- Södertälje, Sweden

Information
- School type: Offers inter-Orthodox education and priest training with postgraduate studies.
- Motto: Religion, peace and democracy through education
- Established: 2018

= Sankt Ignatios College =

Swedish inter-Orthodox Christian school

Sankt Ignatios College is an inter-Orthodox Christian educational institution in Sweden. The college provides education and training for those called to service in the Orthodox Churches. The college is based in Södertälje, Sweden.

== History ==
The college came into being in 2018 through a collaboration between Sankt Ignatios Folkhögskola and Stockholm School of Theology, (University College Stockholm).  Students who are preparing for ministry in the churches receive courses and instruction at both the Folkhögskola and university levels.

The education at Folkhögskola level involves foundational theological, biblical and vocational courses, especially those focused on the Orthodox Church traditions. At the Stockholm School of Eastern Christian Studies, students undertake postgraduate programs leading to a Master's degree in Eastern Christian Studies. The (full) professors in the college include Samuel Rubenson and Cyril Hovorun.

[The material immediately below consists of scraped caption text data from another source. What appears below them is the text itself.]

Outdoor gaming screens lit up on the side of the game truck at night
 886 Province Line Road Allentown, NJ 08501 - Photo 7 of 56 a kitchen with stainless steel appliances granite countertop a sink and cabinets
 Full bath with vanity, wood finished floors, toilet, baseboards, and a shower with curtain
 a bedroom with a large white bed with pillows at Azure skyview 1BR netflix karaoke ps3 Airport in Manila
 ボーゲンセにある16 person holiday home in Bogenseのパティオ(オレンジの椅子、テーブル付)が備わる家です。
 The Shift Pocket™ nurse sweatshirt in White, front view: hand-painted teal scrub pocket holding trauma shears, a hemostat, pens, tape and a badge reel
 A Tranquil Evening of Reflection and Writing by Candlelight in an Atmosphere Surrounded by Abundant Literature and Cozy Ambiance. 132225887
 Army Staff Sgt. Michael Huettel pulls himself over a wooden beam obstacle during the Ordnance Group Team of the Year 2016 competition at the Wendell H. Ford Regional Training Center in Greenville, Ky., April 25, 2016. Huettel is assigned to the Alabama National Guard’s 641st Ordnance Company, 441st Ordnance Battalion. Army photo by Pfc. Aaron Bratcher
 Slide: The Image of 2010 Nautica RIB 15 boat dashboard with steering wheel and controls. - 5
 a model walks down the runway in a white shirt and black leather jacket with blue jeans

In 2014, Gabriel Bar-Sawme, who would later become a lecturer at the college, collaborated with indie developer Simon Yildiz to create an iOS app named Mele which taught western Classical Syriac (kṯoḇonōyō) in the form of a quiz. As of April 2026, the app is no longer available.

== The seminaries ==
All students in Sankt Ignatios College are enrolled in one of the four seminaries representing the major Orthodox traditions in Sweden. The Byzantine (Greek and Slavic) Orthodox Seminary; The Coptic Orthodox Seminary; The Syrian Orthodox Seminary; The Tewahedo (Eritrean and Ethiopic) Orthodox Seminary. The seminaries serve as a contact between the students and the Church traditions they belong to, as well as providing accommodation for the students during their study time. They are based in Södertälje where the majority of teaching takes place.